_DATASET CONTENT_:
*** Begin section ***

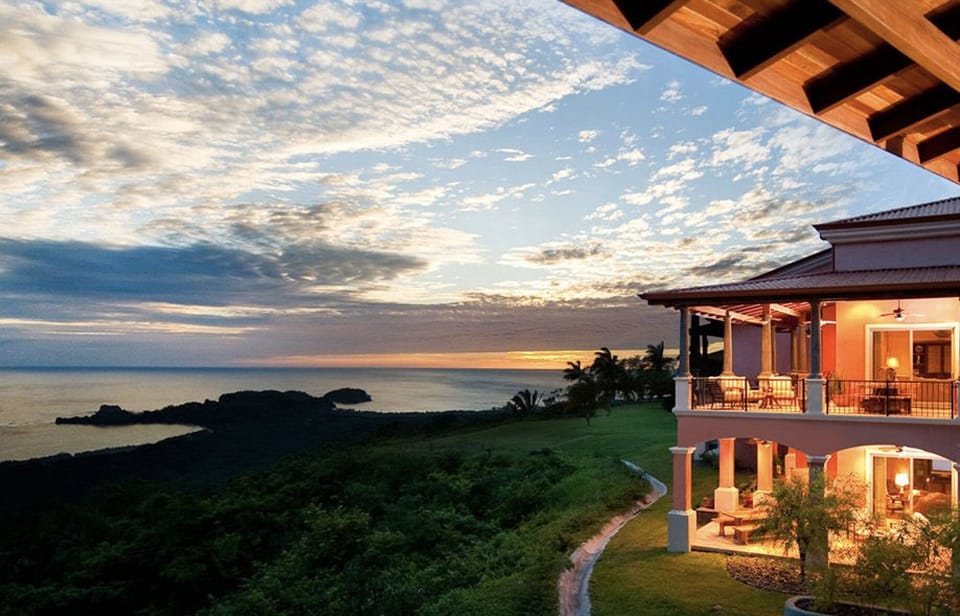 Upper-level condo with oceanview backdrop and spacious outdoor entertaining area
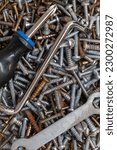 Small photo of Macro photography of screws. Set of screws. construction abstraction. industry background. Macro photo of screws, screw background, steel screw, screw macro.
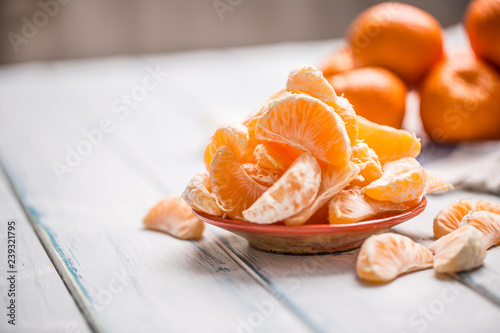Fresh pieces of tangerines mandarin on the plate or in a bowl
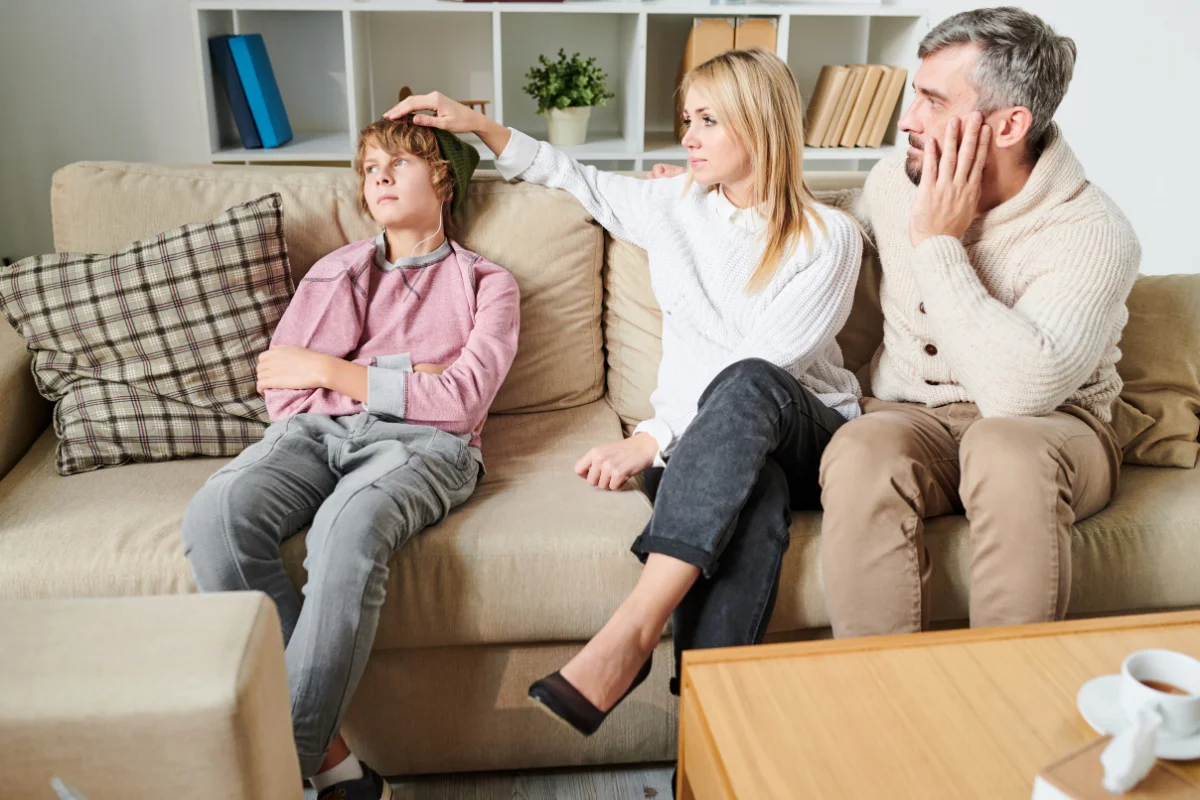Padres hablando con su hijo en casa durante un momento delicado sobre cómo decirle a mis hijos que nos separamos de forma sincera y adaptada a su edad.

*** End section ***

_REQUIRED WORK_:
Leaving all pictures out, output exactly the lines of the material above from the line with "Small photo of" to the line with "Fresh pieces of", both included.

_PROBLEM SOLUTION_:
 Small photo of Macro photography of screws. Set of screws. construction abstraction. industry background. Macro photo of screws, screw background, steel screw, screw macro.
Fresh pieces of tangerines mandarin on the plate or in a bowl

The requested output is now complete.